Por que os feriados dão-me alergia? Ora, a quaresma estava minguando. Vinha pela frente a famosa Sexta-Feira da Paixão, que muitos néscios confundiam com o Dia dos Namorados. Estultice. Era apenas quarta-feira, cheguei ao fórum com um calhamaço de problemas de um cidadão comum sob o sovaco — eu também sei reclamar —, mas deparei com uma placa dependurada na porta do gabinete de um magistrado: “Fui pescar”.

É claro que senti raiva. Eu não gozava das benesses do poder judiciário. E nem as queria, falo sério. Além disso, eu já não pescava há tempos, condoído em fisgar com anzol a boca de um peixe. Que semana! Na manhã de segunda-feira, um amigo metera um pipoco nos miolos, interditando a pista de caminhada, e isso ainda estragava os meus dias. Desci a rua, aturdido, a pensar com pesar naquele sujeito, de como gastamos mal o tempo juntos, até que cruzei a praça onde, há poucos dias, uma multidão de indignados desfilou patriotismo e intolerância em busca de uma nação ideal, sem roubalheira, sem violência, sem injustiça, sem brasileiros, quem sabe até.

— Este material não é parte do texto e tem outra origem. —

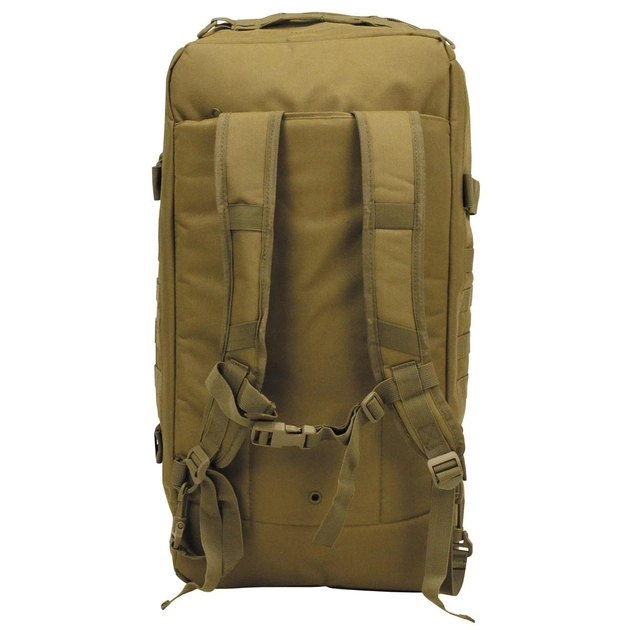 Сумка-рюкзак армейская MFH «Travel» 48L Coyote - изображение 2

Na Sexta-Feira Santa comi bistecas de porco, e não foi por provocação. Foi pura distração, eu garanto. De tão vazia, a cidade parecia viável, pois descansava dos ônibus, automóveis e das pessoas. Onde estariam agora os caras-pintadas e seus paus-de-selfie importados de Taiwan? Será que saíram para pescar com os juízes e deputados? Ou teriam embarcado pra tomar vinho em Santiago? Talvez, trepassem de lingeries verdes-amarelas em cabanas de um hotel-fazenda. Mais do que embarcar na onda, eu detestava pensar e agir como um boi.

Permaneci em casa, mais pregado que o messias. Cada um carrega a sua culpa, é o que dizem. Lubrifiquei minhas ventoinhas com cerveja. Vi pela TV as filas intermináveis de carros que evadiram das principais metrópoles do país. Mesmo presos nos congestionamentos, mesmo com os radiadores fervendo mais que o meu cérebro, mesmo com o combustível custando os olhos da cara, a satisfação estampada nos rostos das pessoas contagiava-me tanto quanto a Febre Chikungunya, se é que me entendem.

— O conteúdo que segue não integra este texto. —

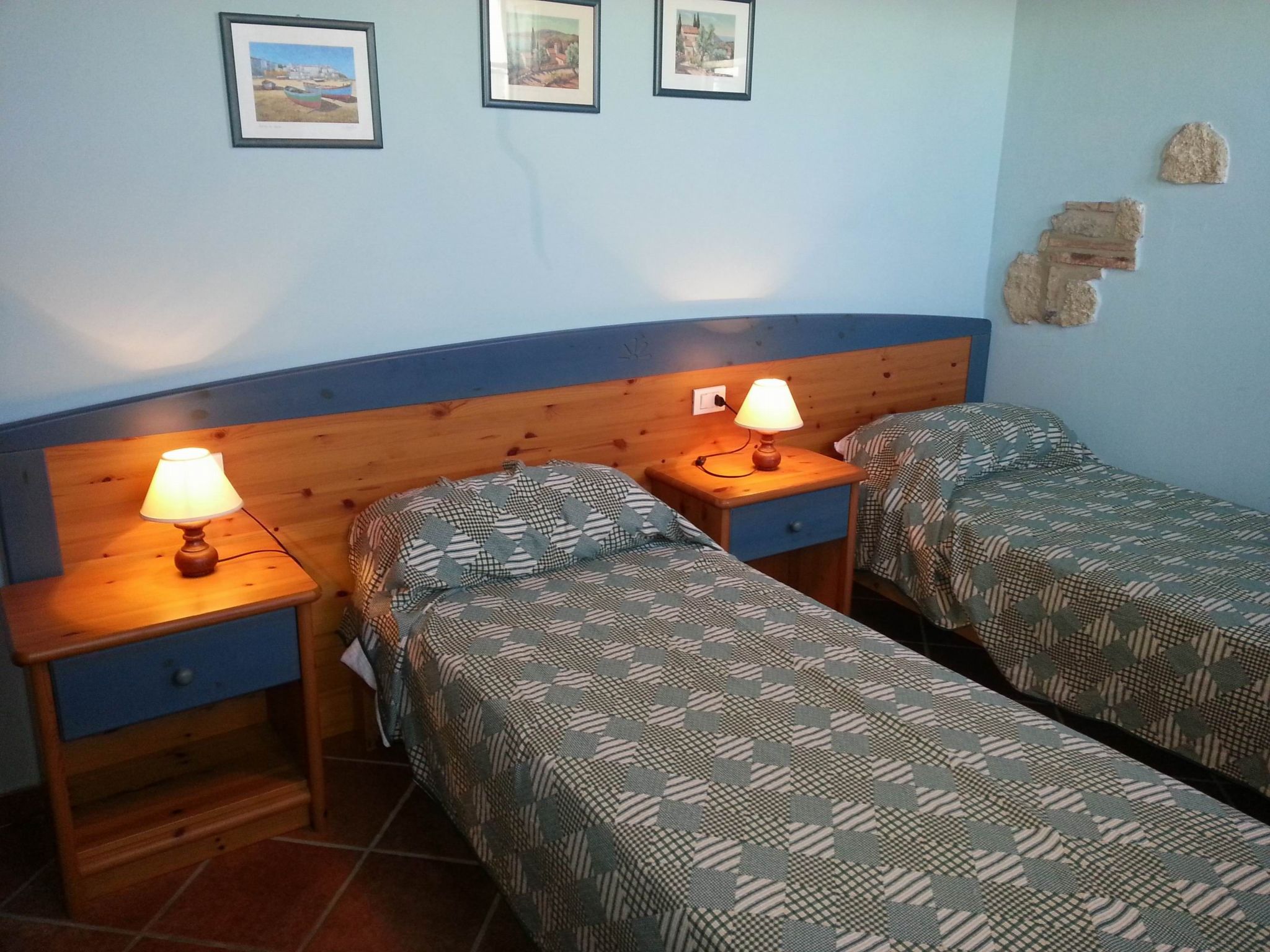 Beccanella' Wohnung mit Gemeinschaftspool-Inside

Se eu pudesse, cuspiria marimbondos, mas só havia mosquitos da dengue. Por onde andavam os meus iguais, passageiros da agonia que clamavam contra o governo, contra a crise econômica, contra a alta nos preços dos combustíveis, das tarifas de ônibus, água, luz, telefone, das próteses de silicone (o câmbio tava um horror), do imposto de renda pessoa física, dos honorários das prostitutas tísicas vestidas com calcinhas de renda? Cadê a bravura estampada em fotos nas redes sociais? Eu podia até ser um chato ao cubo, é verdade, mas ainda me restavam migalhas de bom humor: as frases que mais se ouviriam no final de semana prolongado seriam “Completa o tanque, moço”, “Enfia tudo, benzinho” e “Na segunda-feira, a gente pensa nisso”.

Parei de regar com cevada e lúpulo a minha matilha de neurônios. Não dava pra construir brasis melhores daquele jeito, enchendo a cara, reclamando de todo mundo, sentindo-me pior do que a média dos últimos anos. Como diria um tecnocrata de ministério em Brasília: o ponto podia até ser facultativo, mas a vida era obrigatória. Ora, eu tinha a cidade inteira ao meu dispor. Então, tomei conta dela, da minha causa vã. Vou lhes contar uma coisa: o vazio que restou por ali foi uma belezura.